Further, the political environment has morphed in recent years into something vastly unlike the one Salazar served in all those years.

I departed the hour-long interview unconvinced that Ken Salazar is done. He said from the outset he needed to honor his familial obligations first, but that doing so might only preclude him from active politics “for a couple of years.” He ended our time together by noting that he was only 62, and, with a smile, suggested I check back with him on his plans in a year.

I am not trying to make too much out of this. But I find it interesting, considering the observations Salazar made during our hour-long interview. In sum: Salazar believes what is desperately needed in our politics is a return to the kind of statesmanship he practiced in his career, and he provided examples that put him in the role of working hand-in-hand with powerful Republicans.

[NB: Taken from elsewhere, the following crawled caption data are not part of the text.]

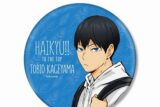 ハイキュー!! TO THE TOP × 東武動物公園 描き下ろしイラスト 影山飛雄 レジャーver. BIG缶バッジ【再販】
 
2025年6月17日発売
で取扱中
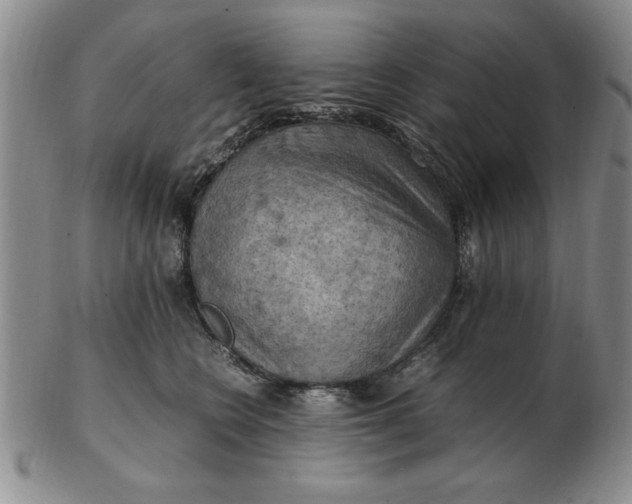 X0000103140566200809051617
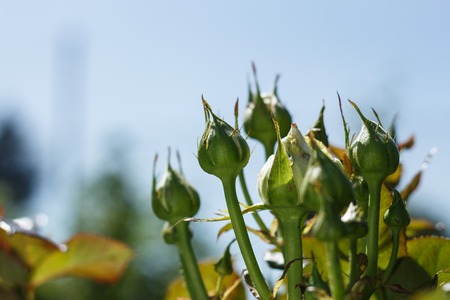 rose bud against the background of the blue morning sky.の写真素材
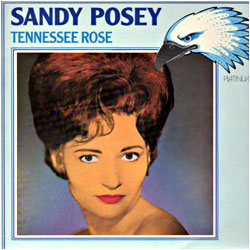 Cover image of Tennessee Rose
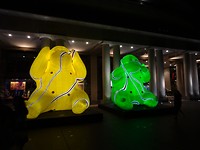 DSC01259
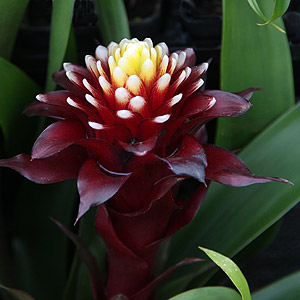 Guzmania paulina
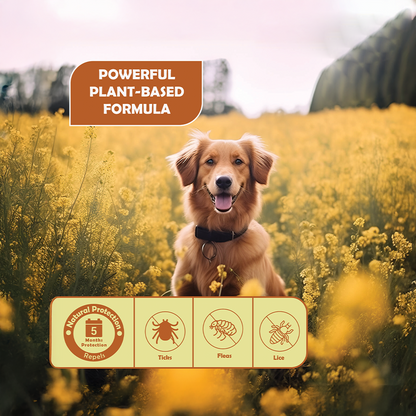 Nootie All Natural Tick & Flea Collar for Dogs & Cats | 5 Months Protection | Waterproof, Adjustable & Chemical-Free Pest Defence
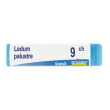 boiron ledum palustre 9ch gl 1g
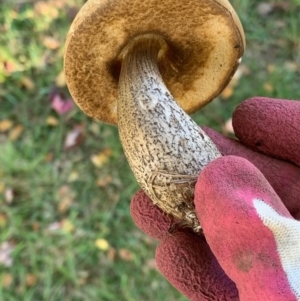 Leccinum scabrum at Murrumbateman, NSW - 12 Apr 2021 03:56 PM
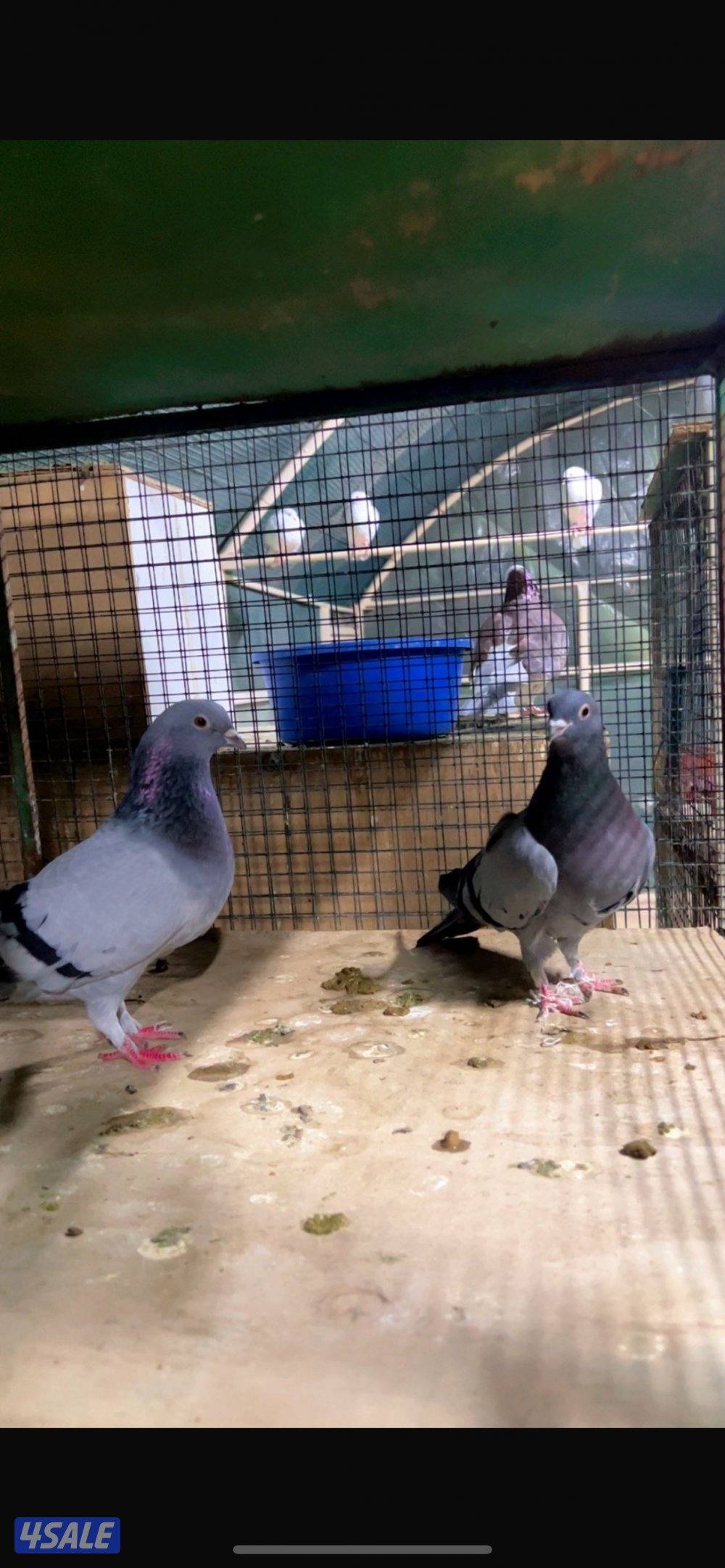 للبيع حمام باكستاني ودحل العدد فوق ٨٠ الاستلام مزارع الوفره1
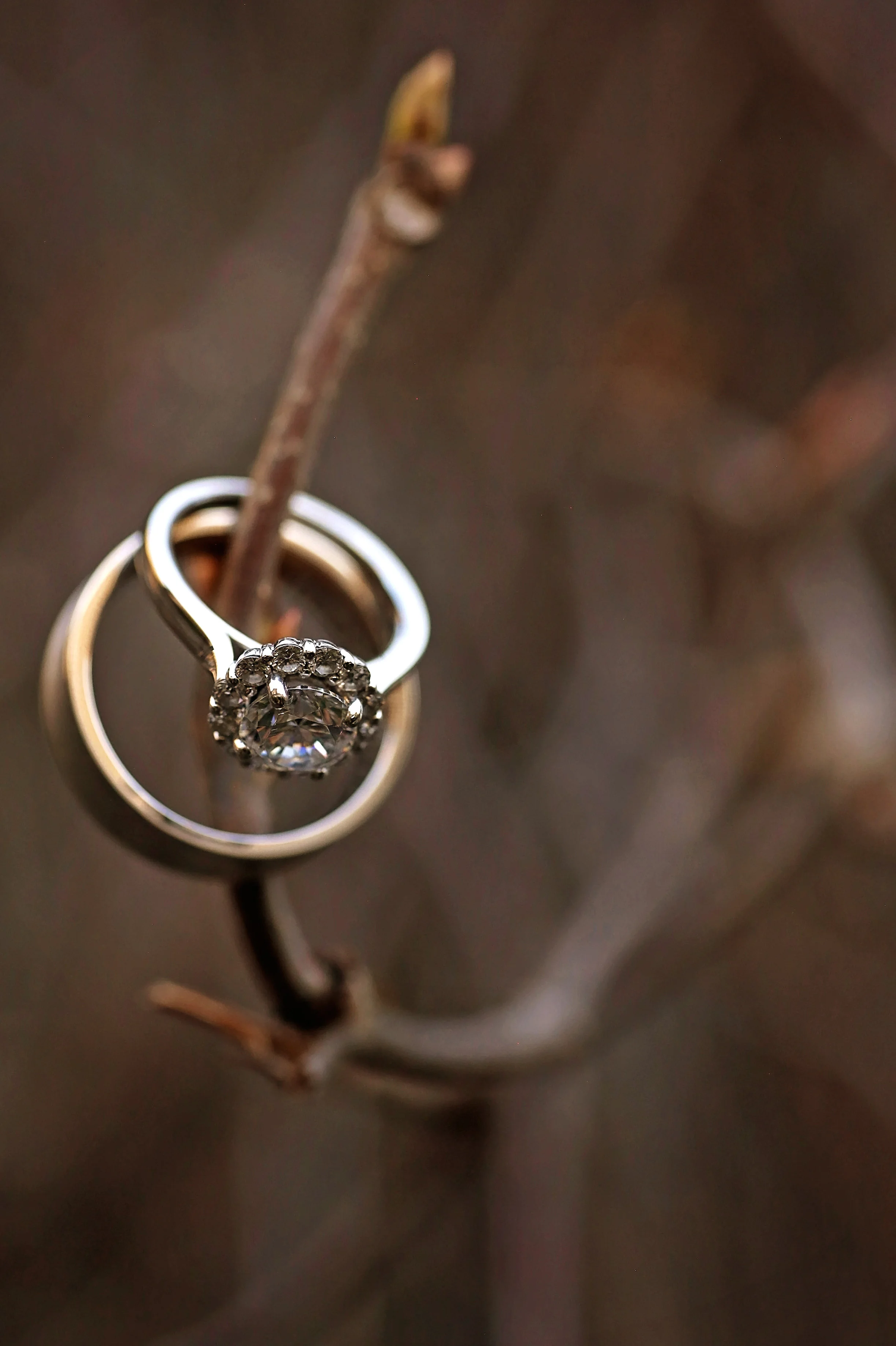 Ring 1.JPG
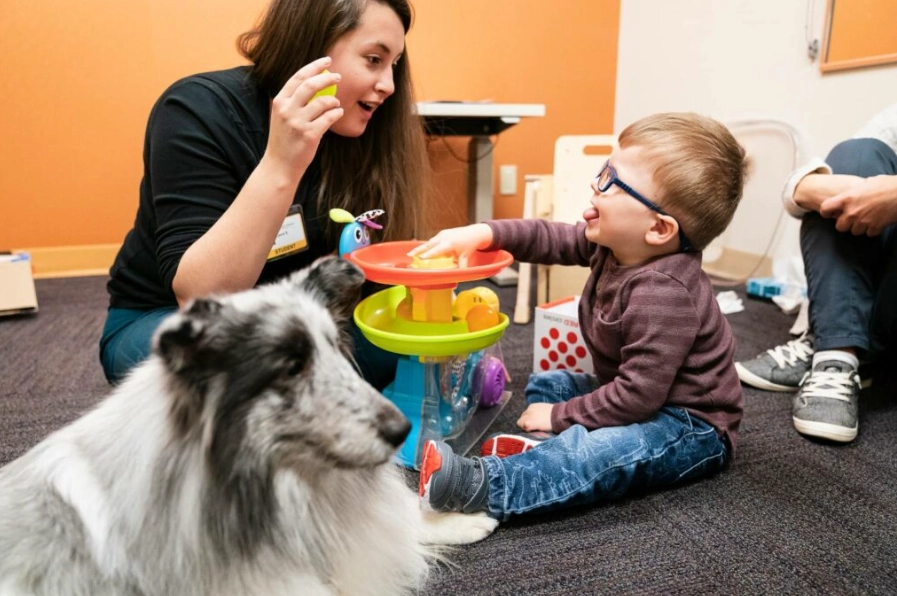 animal therapist salary animal therapist salary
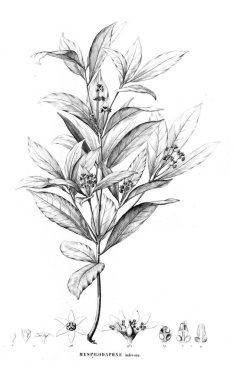 Bitki çizimi. Eski resim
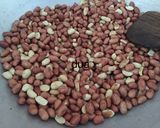 Foto langkah ke 2 dari resep Kacang Sangrai (cemilan diet).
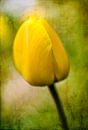 Gele tulp, lente van Rietje Bulthuis thumbnail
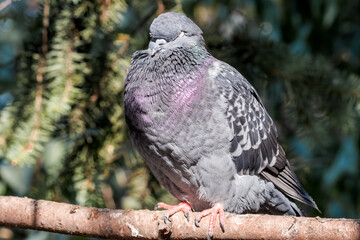 Rock Dove (Columba livia) in park, Moscow, Russia
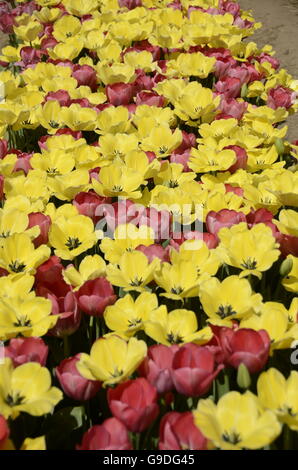 Tulpenfest Zeit in Holland, Michigan, USA Stockfoto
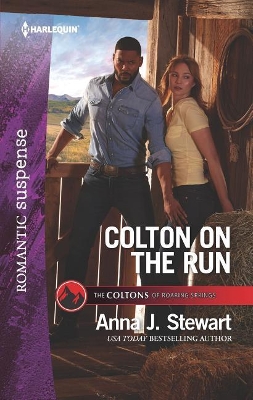 Book cover for Colton on the Run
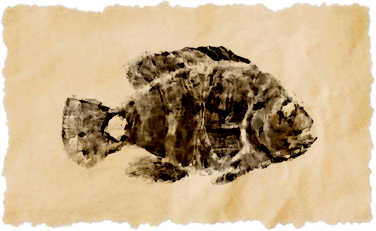 File:Xd'aa talat cichlid.png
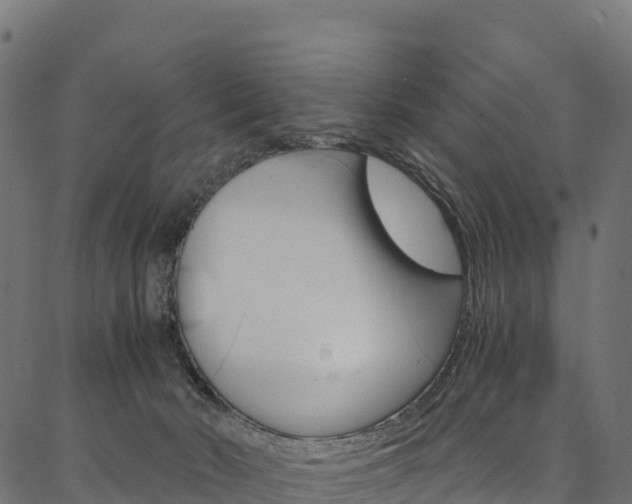X0000086790030200704130906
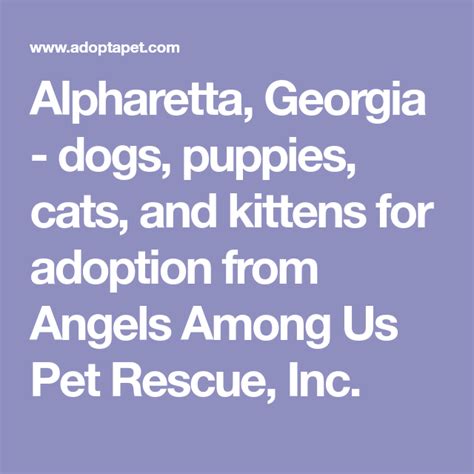 We provide outstanding veterinary care, adoption, and rescue services. Alpharetta, Georgia - dogs, puppies, cats, and kittens for ...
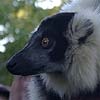 Black and white ruffed lemur.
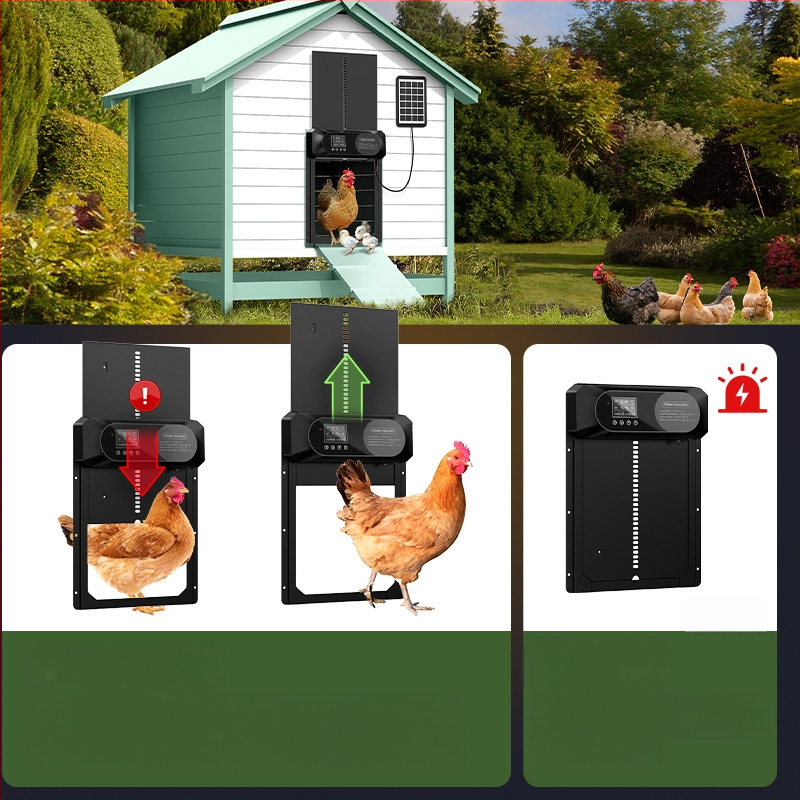 Suur piiriülene uus kanakuudi uks, täisautomaatne päikesepaneelidega kanauks, intelligentne muljumisvastane lemmikloomauks, valgustundlik ajastus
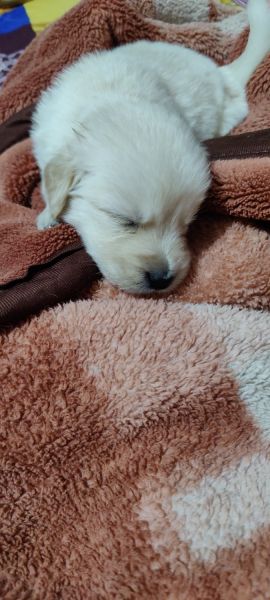 Baby Golden retriever for sale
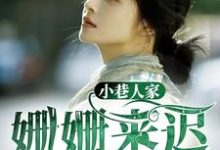 小巷人家：姗姗来迟小说阅读，小巷人家：姗姗来迟完结版-瑞奇文学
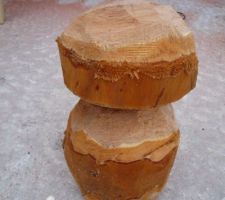 Cèpe géant taillé par un des charpentier dans un moment de détente !
Pièce d'un euro à gauche pour vous laisser apprécier la taille de ce champignon en bois !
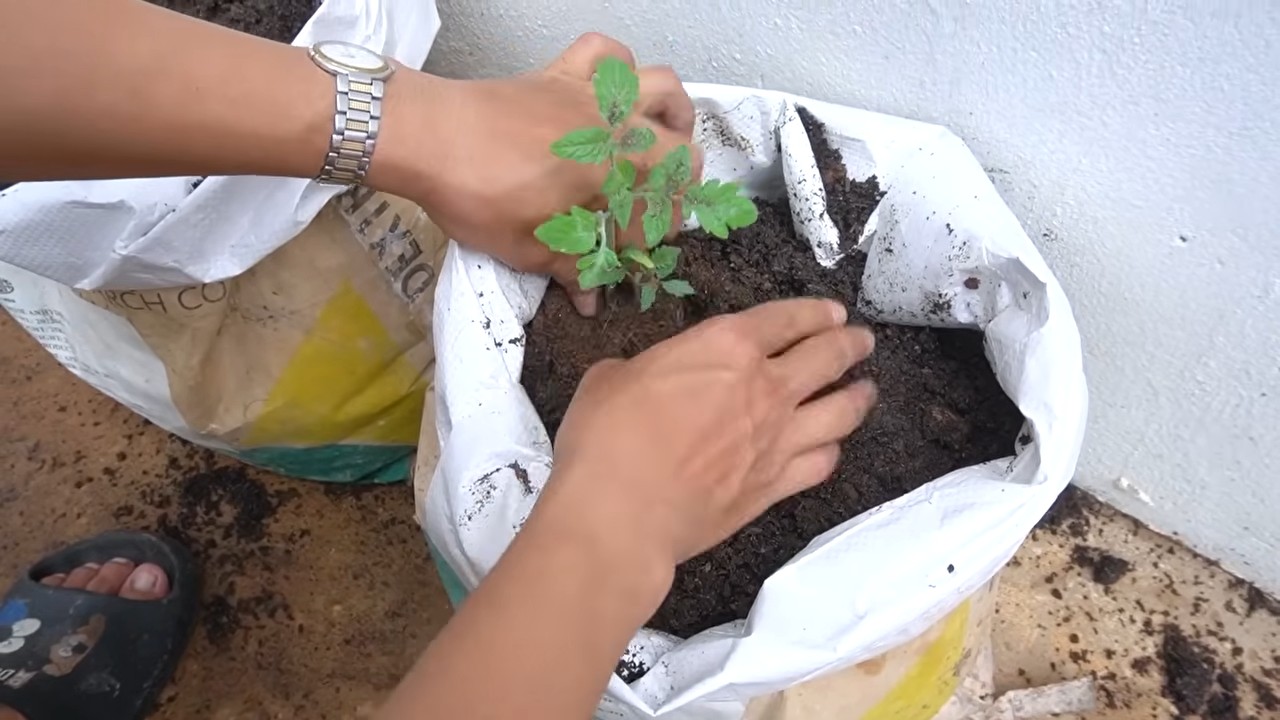 Best tomato growing system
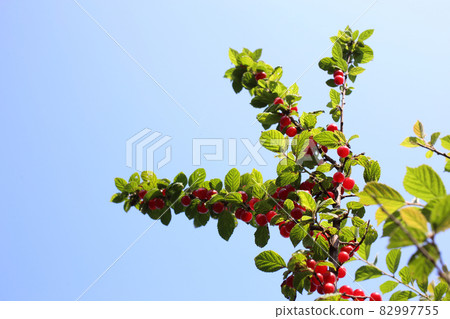 Nanking cherry and blue sky. Far eastern delicacy Nanking cherry and blue sky. Far eastern delicacy 82997755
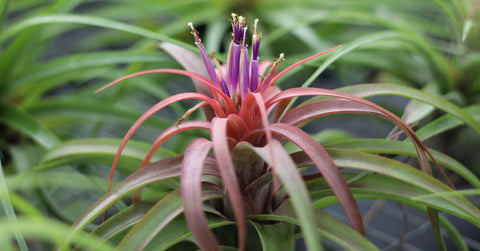 Blooming Tillandsia Abdita Air Plant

I got to know about Salazar in a more involved way during the run-up to Denver’s hosting of the Democratic National Convention in 2008. In his signature white cowboy hat, Salazar served as a useful symbol for the Democrats’ argument that Western Democrats differed from Rust Belt union types and coastal liberals.

A member of the Gang of 14 in 2005, Salazar was one of the seven Democrats who joined with seven Republicans to stop — interestingly enough — both a Democratic filibuster and a Republican nuclear option effort over Bush administration judicial nominees.

Western public servants like Salazar, the Democratic script-writers argued, thought differently about the world. The legacy of the frontier was one of cooperation in the face of extreme challenges, a suiting backdrop for Salazar, who grew up in a ranching family in the San Luis Valley, and who extolled the virtues of bipartisanship.

The political messaging also fit with that of the party’s nominee, Barack Obama: that we shouldn’t think of ourselves as red states and blue states, but as the United States.

How times have changed. Last week we saw definitively that Democrats and Republicans have decided to engage in all-out partisan war.

I visited Salazar the day before Democrats refused to give Neil Gorsuch an up-or-down vote, and Republicans scrapped the filibuster for all future Supreme Court confirmation votes.

Salazar came in to his office from a lunchtime meeting wearing a black hat, as if in mourning. He expressed deep disappointment and dismay at the present state of our politics.

Salazar talked about important bills Democrats and Republicans in the Senate were able to pass during his first few years in the chamber, such as the 2007 Energy Independence and Security Act. He noted that the effort led him to meet with President George W. Bush many times as he and fellow Democrats worked with Republicans like John McCain and Lindsey Graham to make it so.

“Through 2008, my sense is that we were still producing some significant things,” Salazar said. “There were some disagreements on issues like Iraq and other kinds of issues that would come up, but in reality it was still a very functional place.”

Another of the exchanges is even more telling. Salazar talked about a New York Times column he had read while he served as Colorado’s attorney general written by former President Gerald Ford. The op-ed called for a more inclusive America. At the time, Salazar had joined other attorneys general in filing an amicus brief in support of the University of Michigan’s affirmative action policy. Salazar got his law degree at the university. Ford, of course, was also an alum.

Instead of acting unilaterally, the Democratic AG called the Republican president and asked him to join the cause.

“He said, ‘Absolutely. I believe in that cause,’ ” Salazar said.

Salazar said Ford’s op-ed was one of the seminal pieces of his own political history. He and the other attorneys general used it in their efforts “as evidence that this is not a Democrat or a Republican issue. It ought to be about everybody coming together to make sure we look around the board room, or we look around the cabinet room, and we see that we’re inclusive.”

The chairman of Hillary Clinton’s transition team then noted that, had the electoral tally turned out differently, we would see a cabinet reflective of America’s diversity.

Salazar’s message is that what could have been remains the Democrats’ strength in trying to climb back into power.

Pretty words, or a future platform? We’ll have to keep watching.